USE OF THE PLATFORM IS AT CUSTOMER’S SOLE RISK. EXCEPT AS SET FORTH EXPRESSLY IN THESE TERMS AND CONDITIONS, THE PLATFORM IS PROVIDED “AS IS” AND “AS-AVAILABLE” AND WITHOUT A WARRANTY OF ANY KIND. TECHADOX DISCLAIMS ALL IMPLIED WARRANTIES OR CONDITIONS CONCERNING THE PERFORMANCE, OPERATION OR QUALITY OF THE PLATFORM, INCLUDING ALL IMPLIED WARRANTIES OF NON-INFRINGEMENT MERCHANTABILITY OR FITNESS FOR A PARTICULAR PURPOSE. TECHADOX DOES NOT WARRANT THAT THE PLATFORM WILL MEET ANY CUSTOMER’S REQUIREMENTS, OPERATE IN COMBINATION WITH OTHER SOFTWARE OR INTERNET SITES OR SERVICES, BE UNINTERRUPTED OR ERROR-FREE, OR FUNCTION WITHIN A PARTICULAR SYSTEM. NO OTHER ORAL OR WRITTEN ADVICE GIVEN BY TECHADOX WILL CREATE A WARRANTY REGARDING THE PLATFORM. NO AGENT OR EMPLOYEE OF TECHADOX IS AUTHORIZED TO MAKE ANY WARRANTY OBLIGATIONS ON BEHALF OF TECHADOX OR MODIFY THE LIMITATIONS STATED IN THIS SECTION 15.
16.1 Techadox Indemnification.
Techadox shall indemnify and hold Customer, its parent organizations, subsidiaries, affiliates, officers, directors, employees, attorneys, and agents harmless from and against any and all claims, costs, damages, losses, liabilities and expenses, including reasonable legal fees and costs, arising out of or in connection with: (a) any alleged conduct which would constitute a breach of the representations and warranties of Techadox set forth herein; or (b) a claim that the use of the Platform (other than third party materials) infringes the copyright, trademark, or United States or Canadian patent rights of any third party. Upon notice of an alleged infringement or if in Techadox’s opinion such a claim is likely, Techadox shall have the right, at its option, to obtain for Customer the continuing right to use the Platform, substitute other non-infringing functionality, or modify the Platform so that it is no longer infringing.

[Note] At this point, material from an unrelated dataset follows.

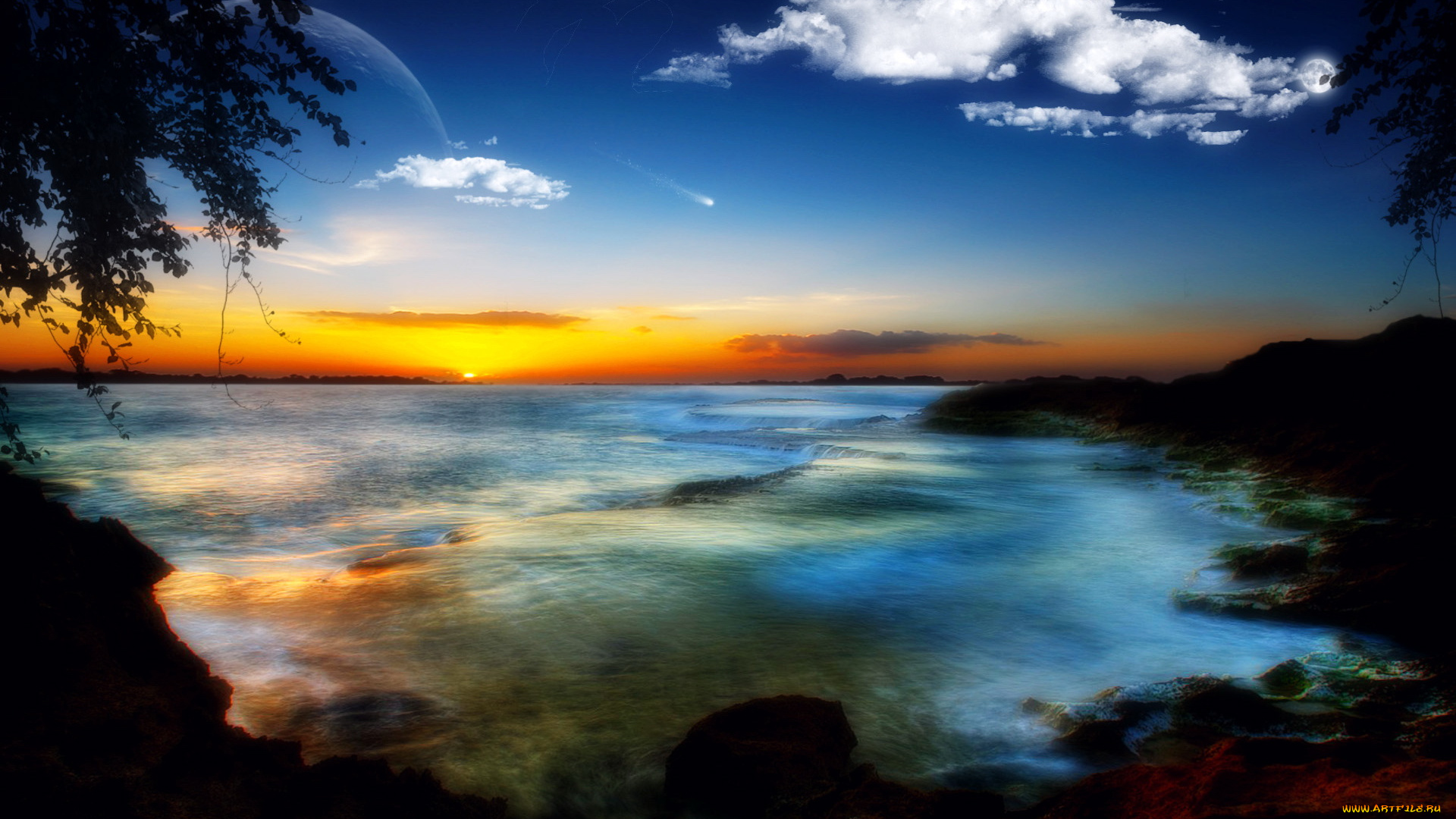 природа, восходы, закаты, облака, планета, волна, берег, вечер, море, горизонт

THIS SECTION SETS FORTH TECHADOX’S SOLE AND EXCLUSIVE LIABILITY, AND CUSTOMER’S SOLE AND EXCLUSIVE REMEDY, FOR TECHADOX’S INFRINGEMENT OF THIRD PARTY RIGHTS OF ANY KIND.
16.2 Customer Indemnification.
Customer shall and does hereby indemnify and hold Techadox, its licensors and their respective parent organizations, subsidiaries, affiliates, officers, directors, employees, attorneys, and agents harmless from and against any and all claims, costs, damages, losses, liabilities and expenses, including reasonable legal fees and costs, arising out of or in connection with: (a) a claim based on any alleged misuse of the Platform by Customer, or a claim that any Customer Data infringes the copyright, trademark, or patent rights of any third party; (b) any alleged conduct which would constitute a breach of the representations and warranties of Customer set forth herein; and; and (c) any claims arising out of or related to any Work Order, including (i) any claims by any third party or government agency that a Technician was misclassified as an independent contractor or employee of Customer; and (ii) any claim that Techadox was an employer or joint employer of a Technician; and (iii) similar or related legal claims under any employment laws.
Each party shall indemnify the other party as set forth above provided that: (a) the indemnified party notifies the indemnifying party promptly in writing of the claim; (b) the indemnifying party has sole control of the defense and all related settlement negotiations with respect to the claim; provided, that the indemnified party has the right, but not the obligation, to participate in the defense of any such claim through counsel of its own choosing; and (c) the indemnified party cooperates fully to the extent necessary, and executes all documents necessary for the defense of such claim.
16.4 Arbitration Agreement and Class Action Waiver.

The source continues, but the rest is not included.